L'Europe joue un rôle important sur la question du véhicule autonome, qui a fait l'objet d'un rapport intéressant de la commission des affaires européennes du Sénat. Le commissariat à la recherche, à l'innovation et à la science, le commissariat à l'industrie, les directions générales de la mobilité et des transports (DG MOVE) et des réseaux de communication, des contenus et des technologies (DG CNECT) sont concernés. Au mois de mai, la Commission européenne mettra en circulation une communication sur le sujet. Nous souhaitons contribuer à la réflexion européenne à travers le document détaillant notre plan d'action publique, et faire bénéficier les expérimentations françaises, qui sont de grande qualité technique et systémique, des financements européens.

Enfin, l'Europe intervient dans la réglementation. Pour le moment, le cadre juridique des véhicules autonomes est défini par le règlement n° 79 de la Commission économique pour l'Europe des Nations unies (CEE-ONU) ; mais nous souhaitons, avec les autres États membres et la Commission européenne, évaluer la possibilité pour l'Union européenne d'anticiper sur les travaux onusiens, très longs, sans pour autant remettre en cause le cadre multilatéral. Je rencontrerai les représentants de la Commission européenne dans les prochaines semaines.

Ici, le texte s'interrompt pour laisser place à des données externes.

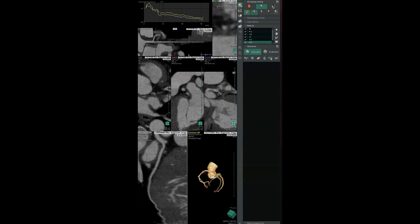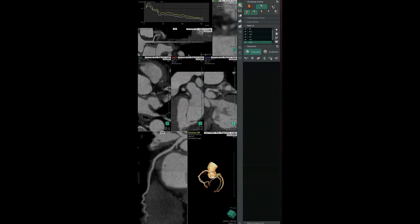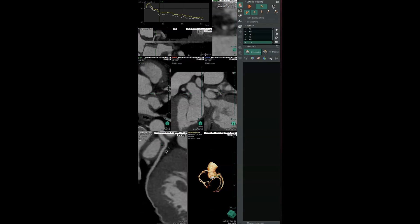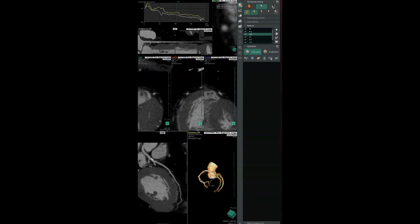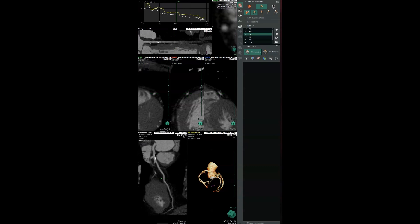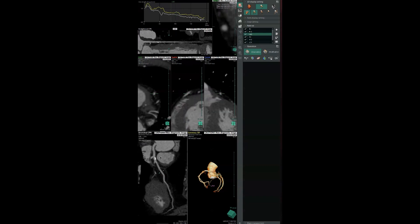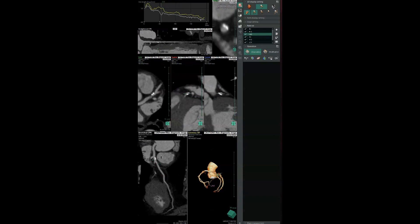We've taken the circumflex and stretched it out, so we have a stretched-out image and a more curved image. In our curved image, we can see that there is a small area of soft plaque that is showing up as dark, and this is resulting in minimal narrowing. If we switch vessels and go to the LAD, we can see that there's an area of bright plaque here, and when we evaluate it looking down the barrel, we can see this also resulting in minimal narrowing.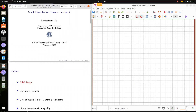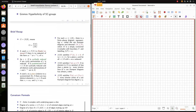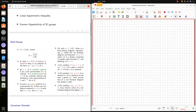Continuing from yesterday's lecture, let us briefly do a recap. By this notation we meant G has a presentation with generating set S and R. A word is freely reduced if it doesn't have subwords like this, cyclically reduced if all cyclic permutations are reduced, and symmetrized if you have all cyclic permutations of elements in R and their inverses. A subword is called a piece if it appears in two distinct elements of the symmetrized R as a prefix.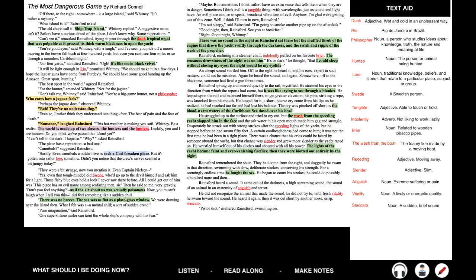Those fishy blue eyes held a look I never saw there before. All I could get out of them was, this place has an evil name among seafaring men, sir. Then he said to me very gravely, don't you feel anything? As if the air about us was actually poisonous. Now you mustn't laugh when I tell you this. I did feel something like a sudden chill. There was no breeze. The sea was as flat as a plate-glass window. We were drawing near the island then. What I felt was a mental chill. A sort of sudden dread.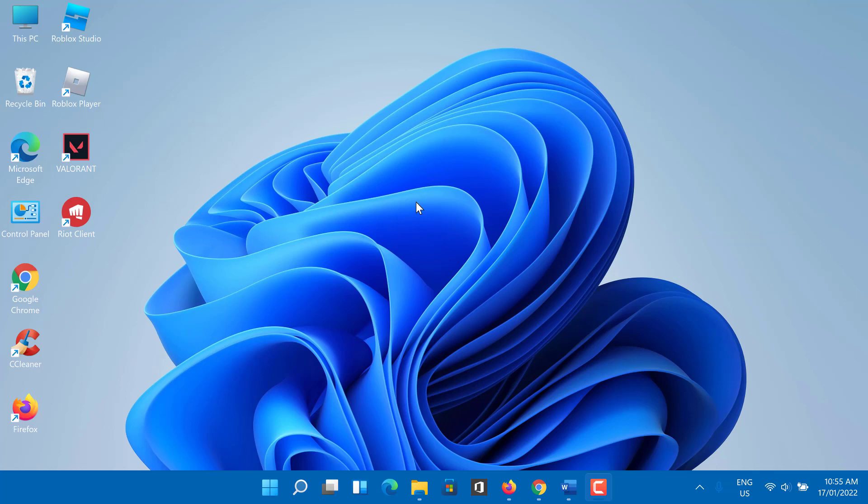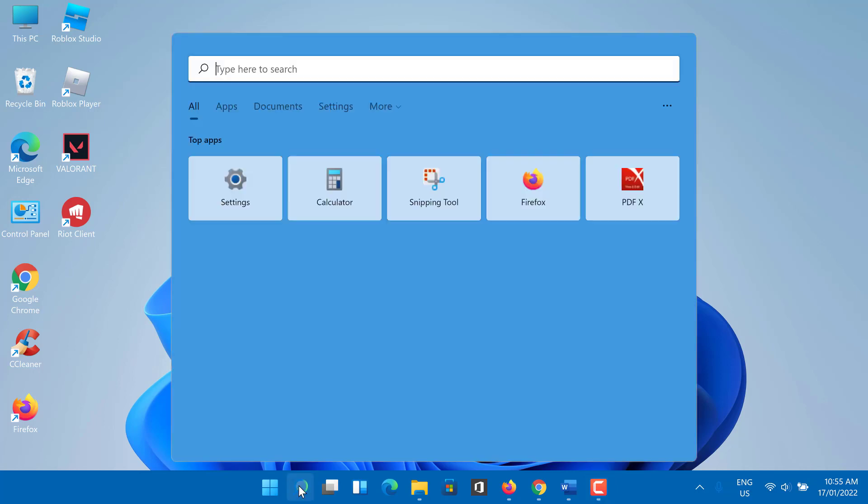To check whether secure boot is enabled, use these steps: Go to Start, in the search bar type 'system information' and press Enter.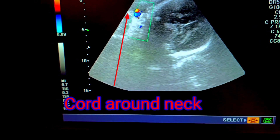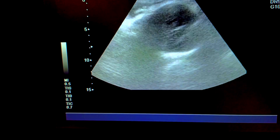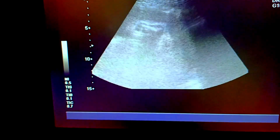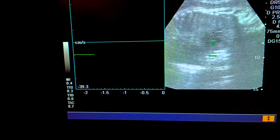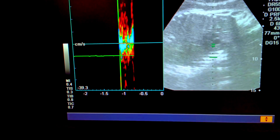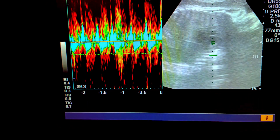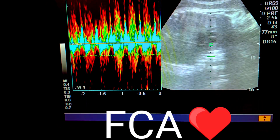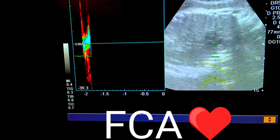Now, putting the color Doppler between the head and neck region, you will find the vessels that show the cord around the neck. You would also like to see the fetal cardiac activity, which is present.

Je ne rendrai pas de rapport, ce qui, au demeurant, ne m'a pas été demandé : ma mission est avant tout un travail d'animation consistant à assurer l'interface entre les acteurs de l'industrie et de la mobilité, en intégrant de plus en plus les collectivités territoriales à la réflexion - sans oublier les sujets d'infrastructure qui apparaissent peu, à ce stade, dans le dialogue, les acteurs du numérique et des télécoms, et la société civile sur le terrain. Il y a sur les réseaux sociaux, dont je suis une adepte, des animations très intéressantes sur le véhicule autonome et plus généralement le véhicule évolutif, intégrant la connectivité et l'électricité. Je me félicite que vous ayez mis ces sujets passionnants à l'ordre du jour de votre commission.